[Date Prev][Date Next][Thread Prev][Thread Next][Date Index][Thread Index]

Re: Pitch learning



I agree with Ed Large that we should be careful of setting topics off limits because of the provincialism of past theorists. But I do observe a good deal of provincialism whenever I go to a music perception conference (though not so much, actually, in the current discussion of pitch learning!). Empirical musicologists could learn a lot from working like ethnographers (e.g. field linguists or ethnomusicologists), working intensively with individual informants and trying to get a handle on (a) precisely what they're doing and (b) what they think they're doing and why. Of course there's a fair amount of (a) out there, but as empiricists we usually set (b) off limits. That (b) is off limits is perhaps the main reason why musicologists and ethnomusicologists tend to dismiss empirical musicology -- along with an out-of-date suspicion of the notion that there are any perceptual or cognitive universals. That's their provincialism. A real meeting of the minds would be a good thing. We'd have to learn more, and so would they.

Allowing that generalizations are a good thing, I would argue that the common model that Ed reiterated--scales around the world being divided into 12, 22, 24 tones, depending on whom you read--isn't the best sort of generalization. In most of those musics, practitioners conceptualize the scales in terms of 7 or 8 basic pitches, but even those might be further reducible if, for example, you get modes (i.e. melodic patterns, not scales) that outline an ambitus of a perfect fourth.
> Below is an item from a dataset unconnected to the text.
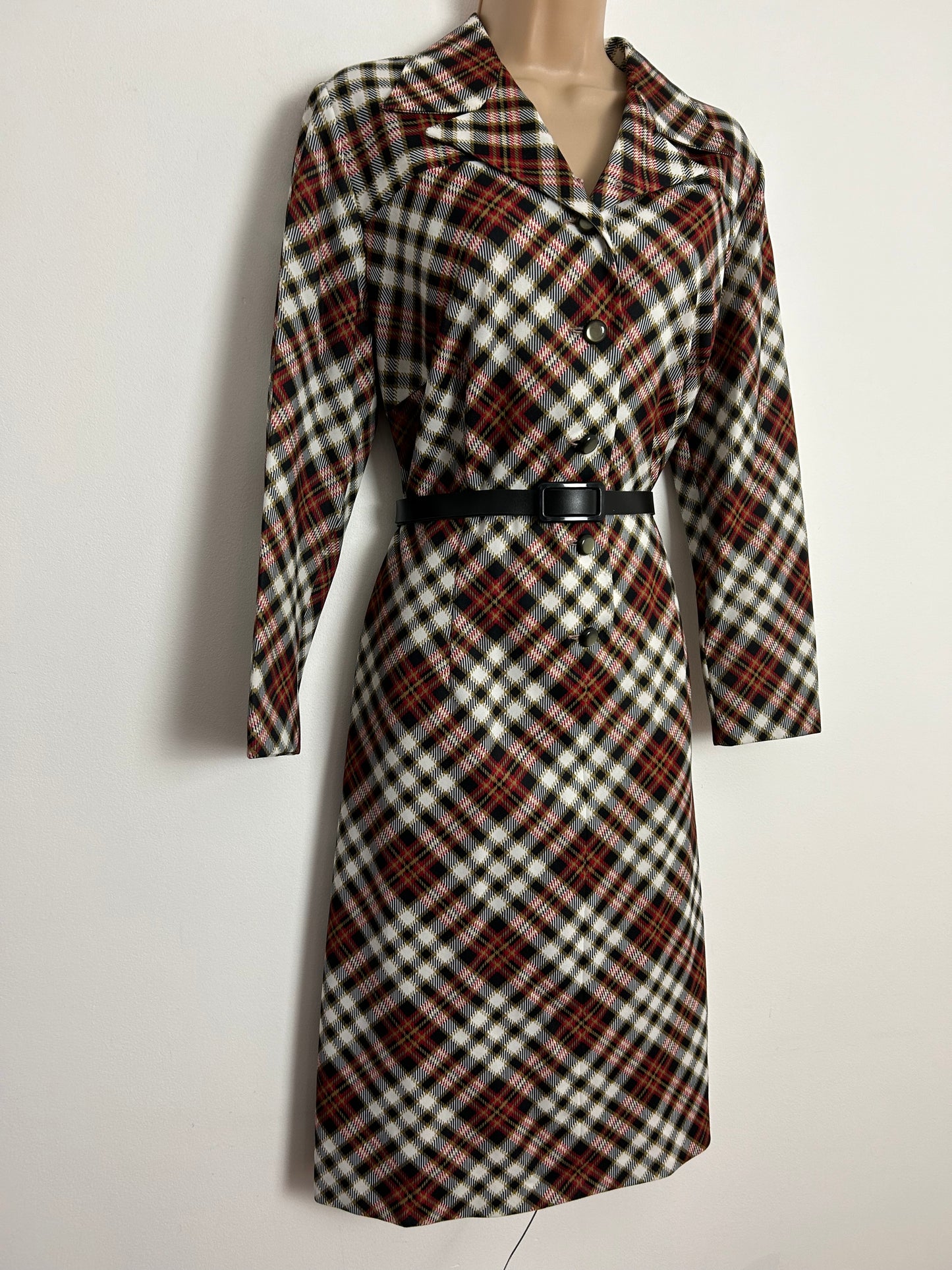 Vintage 1970s UK Size 14 Black White & Red Tartan Check Print Long Sleeve Belted Mod Day Dress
So--ironically in our discussion--we might make a stronger claim for the widespread use of harmonic intervals if we paid less attention to scales.

In my own training and experience as a violinist in the Western classical tradition, a 12-note pitch universe would be a distortion. For example, I was taught that at times I should play degree 7 of the major scale quite high ("raise the leading tone") to push toward the tonic. I was also taught that at times I should play it low, to harmonize with the dominant. And I was taught at times to fit it into a more-or-less equal tempered chromatic scale. (Case-by-case decisions among these options are made all the time in high-level orchestras and other ensembles.) For historical and artistic reasons related to the principles I just stated, I am likely to play G# equal to or above Ab in music after 1800, but before 1800 I put G# below Ab. I was also taught to find pitches by listening to emergent timbres rather than attending to or "matching" pitch. I don't know whether empirical measurements would confirm whether I actually do what I think I do. But I do think the distinction between "harmonic" intonation and "expressive" intonation is not adequate. Different ways of conceptualizing pitches, intervals, and scales produce different patterns of intonation. It's probably true that they average out to an equal-tempered chromatic scale, but there's more to learn than that.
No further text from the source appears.